There have been a number of articles this week about Earth Overshoot Day - it was the earliest it has ever been this year; August 1st. There are tow chinks of light however. The first can be seen in the shape of this graph:
Overshoot day seems to be arriving at almost the same day every year now. Since 2011 it has been on, or around, July 31st. Hopefully we won't be stuck on this plateau for another seven years, it is not impossible for this graph to become a bell shaped one. Hopefully we'll start to descend quite rapidly.
We can do this, we can #MoveTheDate if we think systemically and identify the leverage points that can be tugged at to trigger the systemic change that will get us out of this mess.
What seems to be missing from the conversation around Overshoot day is just how much inequality there is in resource use. We do get graphs like this:
These are useful, to an extent, but they give a bit of a warped picture of who's to blame. Inequality of wealth and resource use exists between countries as the graph shows, but also within them, as it doesn't. We need to drill down and look at what is going on in each country.

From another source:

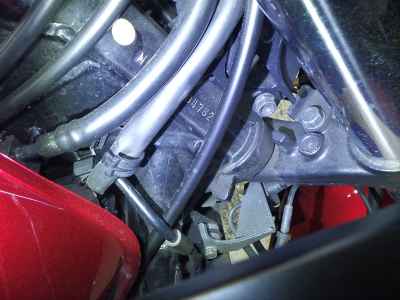 Honda CB400 Super Boldor 2021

The ecological footprints of US citizens, for example, are going to vary drastically. For many the footprint will be quite low, maybe 1.5 planets, whereas for a small minority the footprint will be gigantic - 10 planets or more. It is this small minority who are accelerating natural resources use, it is their behaviour that we need to leverage.
This is the other chink of light, we don't need to change the consumption habits of the entirety of humanity. We actually only need to change the consumption habits of a comparatively small percentage of the population in each country.
Overshoot day can be shifted if we tackle economic inequality more effectively. Make inequality a central part of the conversation next Overshoot day.